On Wed, Mar 11, 2015 at 11:42 PM, Matthew Bucci mrbucci...@gmail.com
wrote:

 Hi,

 Thanks for the response! That answered some questions I had, but the last
 one I was wondering is what happens if you run a partition strategy and one
 of the partitions ends up being too large? For example, let's say
 partitions can hold 64MB (actually knowing the maximum possible size of a
 partition would probably also be helpful to me). You try to partition the
 edges of a graph to 3 separate partitions but the edges in the first
 partition end up being 80MB worth of edges so it cannot all fit in the
 first partition . Would the extra 16MB flood over into a new 4th partition
 or would the system try to split it so that the 1st and 4th partition are
 both at 40MB, or would the partition strategy just fail with a memory
 error?

 Thank You,
 Matthew Bucci

 On Mon, Mar 9, 2015 at 11:07 PM, Takeshi Yamamuro linguin@gmail.com
 wrote:

 Hi,

 Vertices are simply hash-paritioned by their 64-bit IDs, so
 they are evenly spread over parititons.

 As for edges, GraphLoader#edgeList builds edge paritions
 through hadoopFile(), so the initial parititons depend
 on InputFormat#getSplits implementations
 (e.g, partitions are mostly equal to 64MB blocks for HDFS).

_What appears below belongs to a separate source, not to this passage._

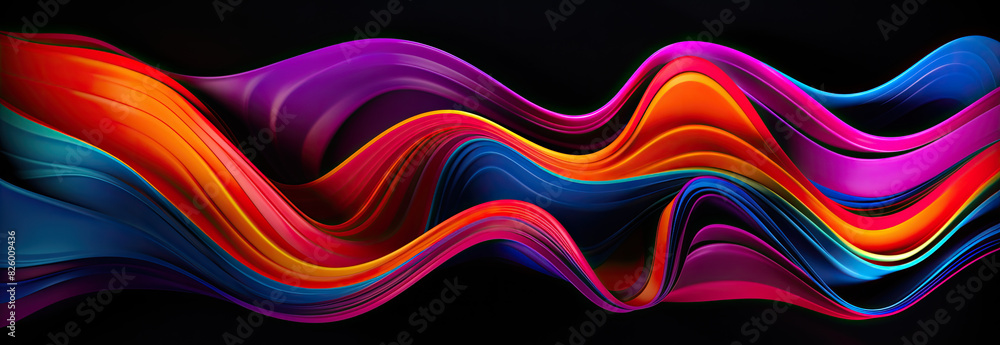 Vibrant fluid abstract wave design Vibrant fluid abstract wave design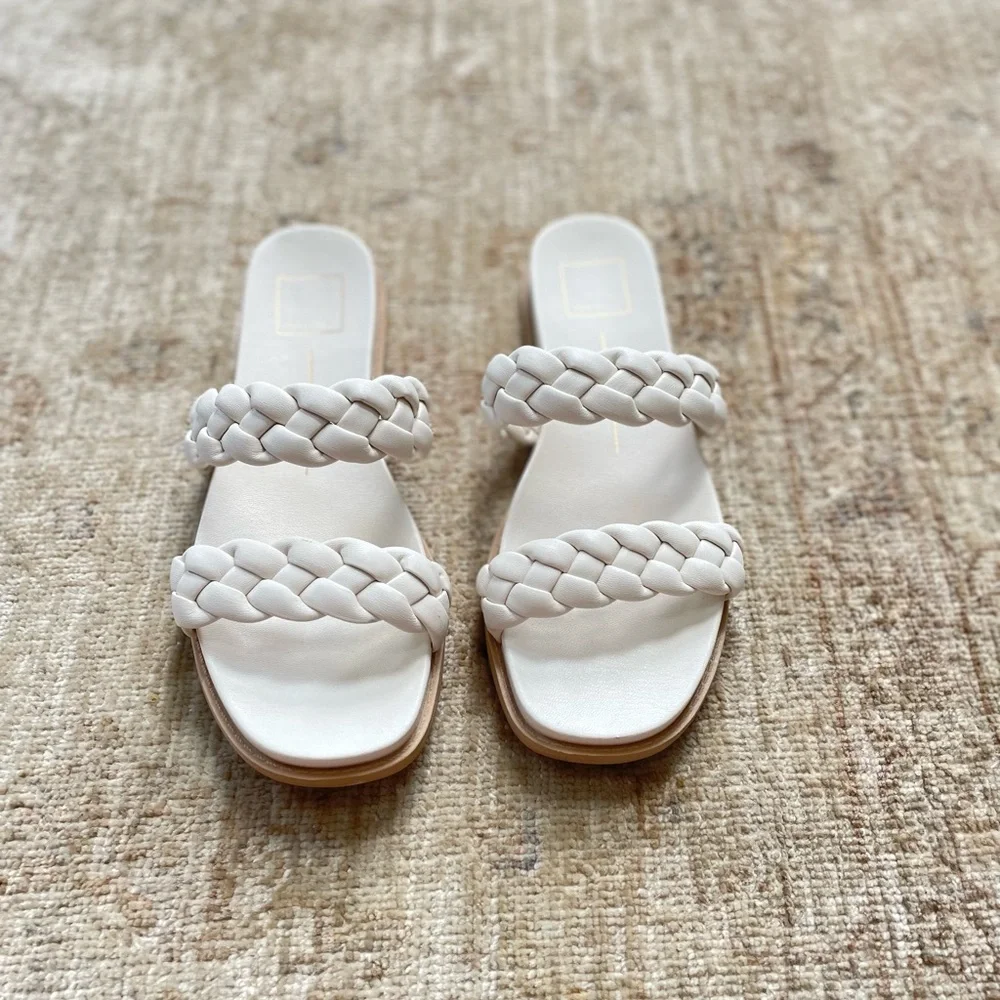 dolce Vida braided flat sandals with foot bed size 8.5. - Picture 2 of 10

 Edges can be re-partitioned by ParititonStrategy;
 a graph is partitioned considering graph structures and
 a source ID and a destination ID are used as partition keys.
 The partitions might suffer from skewness depending
 on graph properties (hub nodes, or something).

 Thanks,
 takeshi


 On Tue, Mar 10, 2015 at 2:21 AM, Matthew Bucci mrbucci...@gmail.com
 wrote:

 Hello,

 I am working on a project where we want to split graphs of data into
 snapshots across partitions and I was wondering what would happen if one
 of
 the snapshots we had was too large to fit into a single partition. Would
 the
 snapshot be split over the two partitions equally, for example, and how
 is a
 single snapshot spread over multiple partitions?

 Thank You,
 Matthew Bucci



 --
 View this message in context:
 http://apache-spark-user-list.1001560.n3.nabble.com/GraphX-Snapshot-Partitioning-tp21977.html
 Sent from the Apache Spark User List mailing list archive at Nabble.com.

 -
 To unsubscribe, e-mail: user-unsubscr...@spark.apache.org
 For additional commands, e-mail: user-h...@spark.apache.org




 --
 ---
 Takeshi Yamamuro





-- 
---
Takeshi Yamamuro


Re: GraphX Snapshot Partitioning

2015-03-11 Thread Matthew Bucci
Hi,

Thanks for the response! That answered some questions I had, but the last
one I was wondering is what happens if you run a partition strategy and one
of the partitions ends up being too large? For example, let's say
partitions can hold 64MB (actually knowing the maximum possible size of a
partition would probably also be helpful to me). You try to partition the
edges of a graph to 3 separate partitions but the edges in the first
partition end up being 80MB worth of edges so it cannot all fit in the
first partition . Would the extra 16MB flood over into a new 4th partition
or would the system try to split it so that the 1st and 4th partition are
both at 40MB, or would the partition strategy just fail with a memory
error?

Thank You,
Matthew Bucci

On Mon, Mar 9, 2015 at 11:07 PM, Takeshi Yamamuro linguin@gmail.com
wrote:

 Hi,

 Vertices are simply hash-paritioned by their 64-bit IDs, so
 they are evenly spread over parititons.

 As for edges, GraphLoader#edgeList builds edge paritions
 through hadoopFile(), so the initial parititons depend
 on InputFormat#getSplits implementations
 (e.g, partitions are mostly equal to 64MB blocks for HDFS).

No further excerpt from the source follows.